[Collected data]

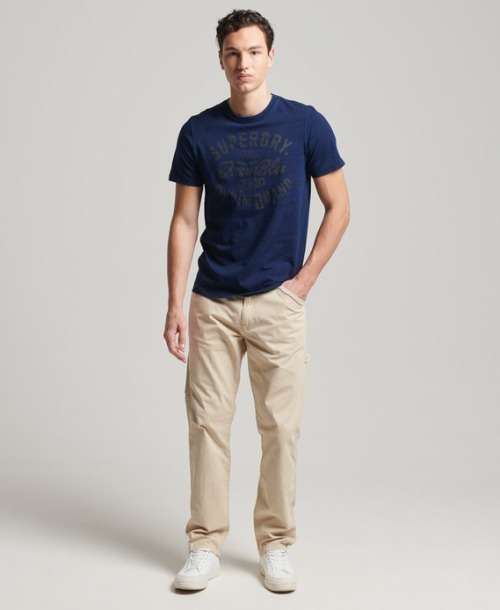 Superdry Men`s Script Style Workwear Tee (Slim Fit) Indigo Rinse Wash Size XL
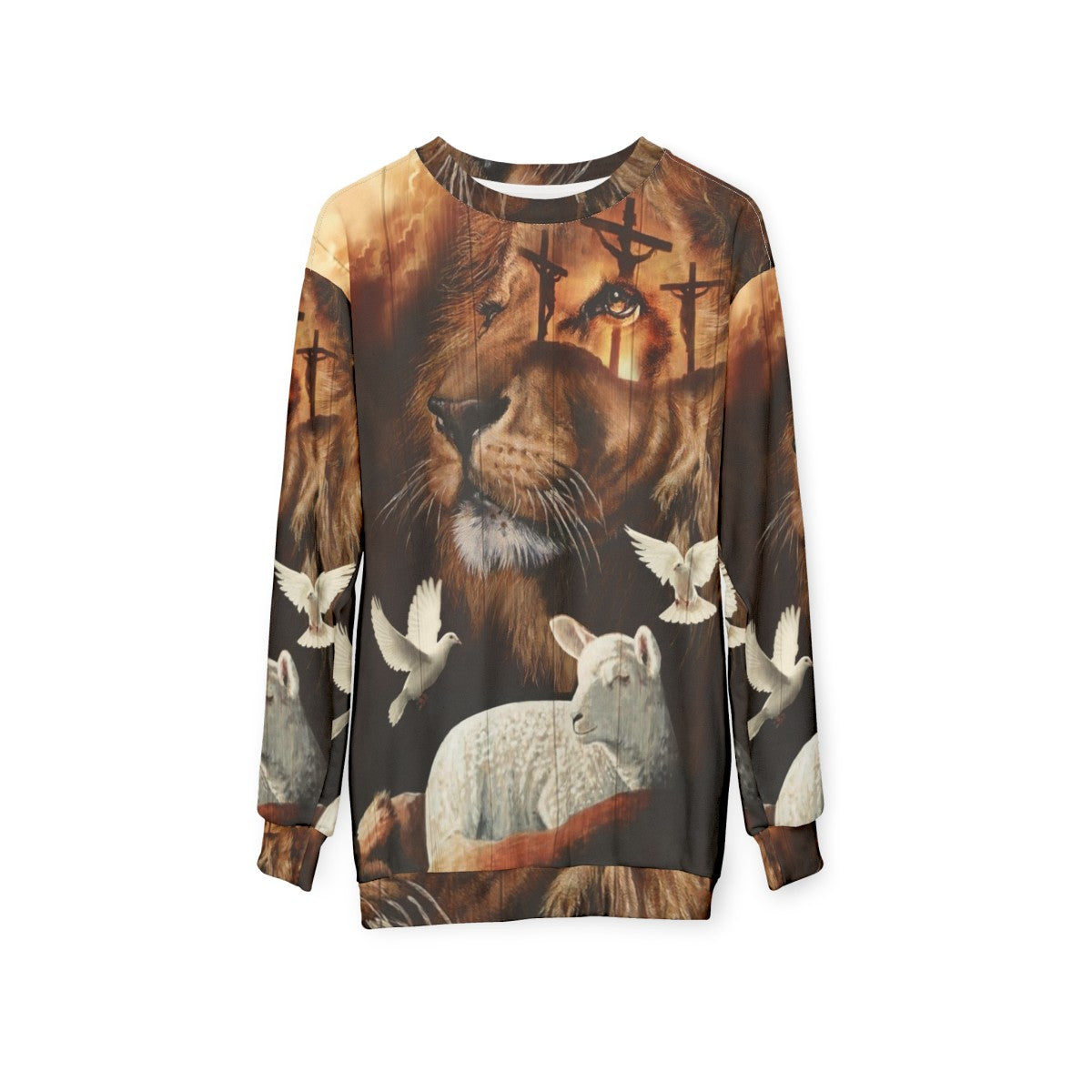 Christian sweatshirt with a design featuring the Lion of Judah and the Lamb of God - hanging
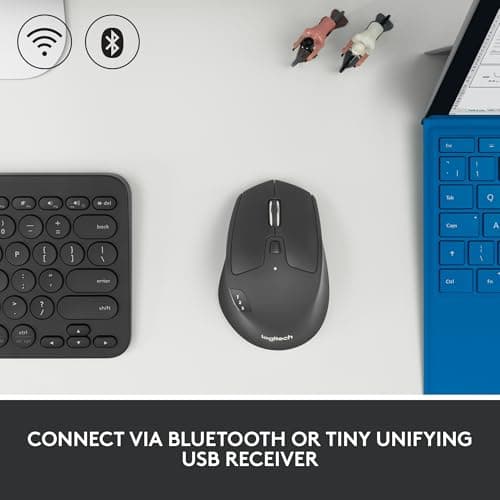 Logitech M720 Triathlon Multi-Device Wireless Mouse, Bluetooth, USB Unifying Receiver, 1000 DPI, 6 Programmable Buttons, 2-Year Battery, Compatible with Laptop, PC, Mac, iPadOS - Black — view 3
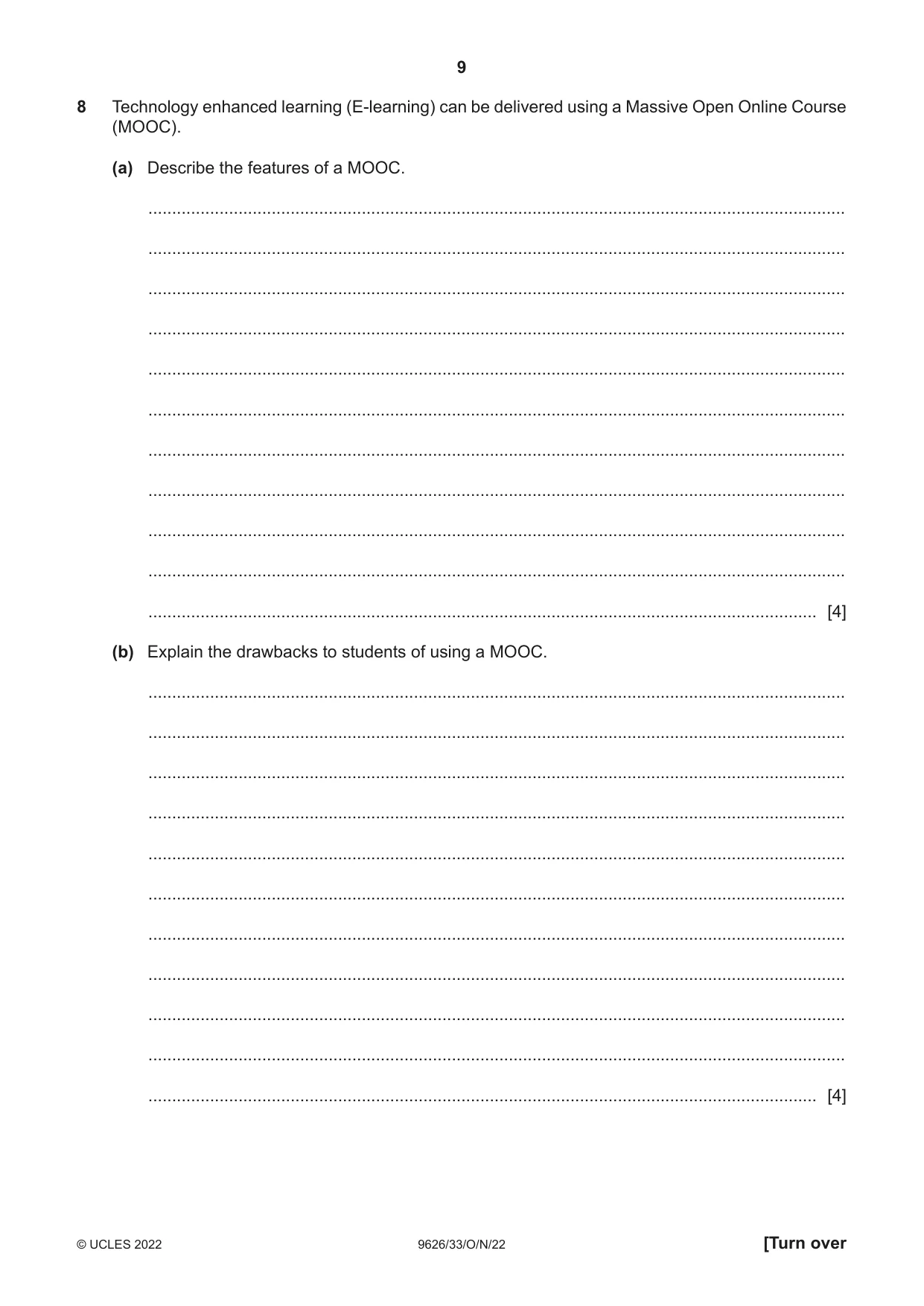 Cambridge A Level Information Technology (from 2017) 9626 2022 Oct/Nov Paper 3 · Variant 3 question paper, page 9 of 12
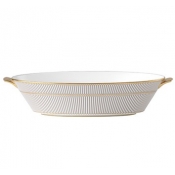 Wedgwood Anthemion Grey Oval Serving Bowl
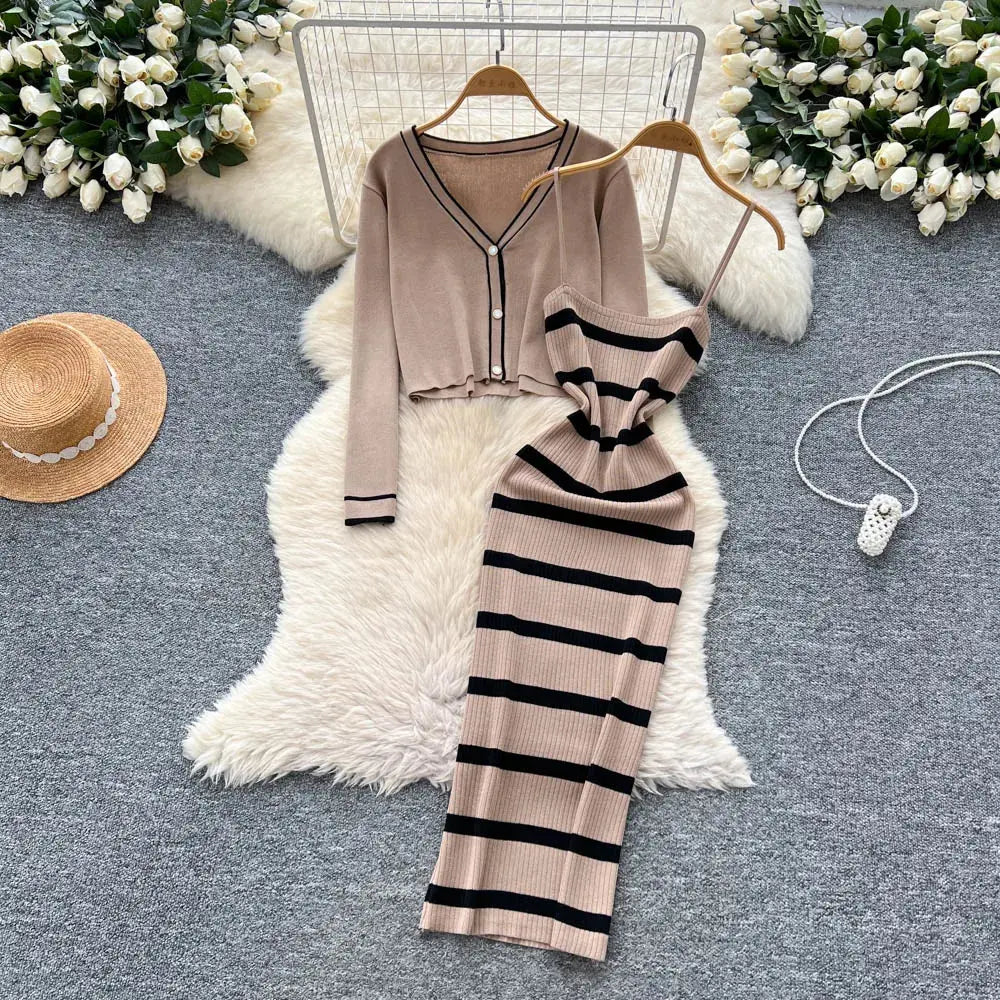 New Fashion Autumn Knitted Suits Long Sleeve V Neck Buttons Top+Stripe Strap Bodycon Dress Elegant OL Women Two Piece Sets luxecrown.co.uk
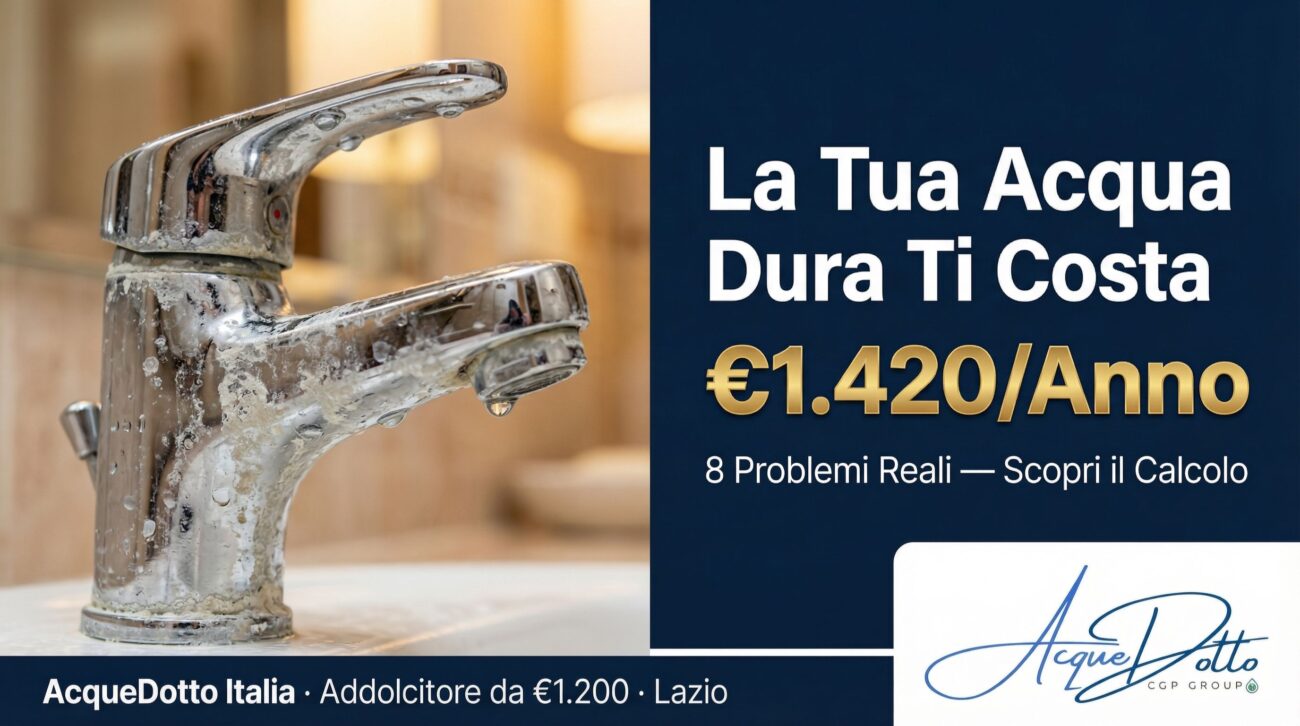 Acqua dura casa problemi — calcare su rubinetto lavatrice caldaia danni visibili Lazio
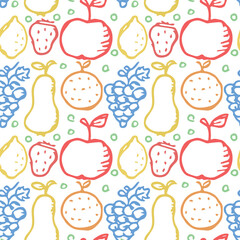 Seamless fruit pattern. doodle background with fruit icons. Fruit background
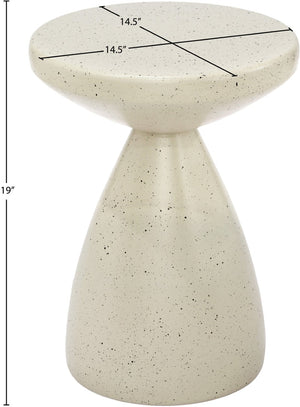 Meridian Furniture Anika Sculptural End Table with Geometric Open Frame for Modern Living and Bedroom Spaces Cream Iron Terrazzo 99027Cream-ET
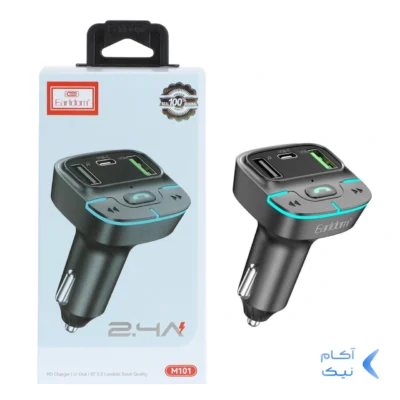 شارژر فندکی PDوفست دو پورت و گیرنده بلوتوث FM خودرو Earldom مدل M101 - مشکی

» **How to complete this task**
Print, exactly as written, the lines above from the first one to the one containing "Meridian Furniture Anika". Leave out pictures.

» **Solved exercise**
 Superdry Men`s Script Style Workwear Tee (Slim Fit) Indigo Rinse Wash Size XL
 Christian sweatshirt with a design featuring the Lion of Judah and the Lamb of God - hanging
 Logitech M720 Triathlon Multi-Device Wireless Mouse, Bluetooth, USB Unifying Receiver, 1000 DPI, 6 Programmable Buttons, 2-Year Battery, Compatible with Laptop, PC, Mac, iPadOS - Black — view 3
 Cambridge A Level Information Technology (from 2017) 9626 2022 Oct/Nov Paper 3 · Variant 3 question paper, page 9 of 12
 Wedgwood Anthemion Grey Oval Serving Bowl
 New Fashion Autumn Knitted Suits Long Sleeve V Neck Buttons Top+Stripe Strap Bodycon Dress Elegant OL Women Two Piece Sets luxecrown.co.uk
 Acqua dura casa problemi — calcare su rubinetto lavatrice caldaia danni visibili Lazio
 Seamless fruit pattern. doodle background with fruit icons. Fruit background
 Meridian Furniture Anika Sculptural End Table with Geometric Open Frame for Modern Living and Bedroom Spaces Cream Iron Terrazzo 99027Cream-ET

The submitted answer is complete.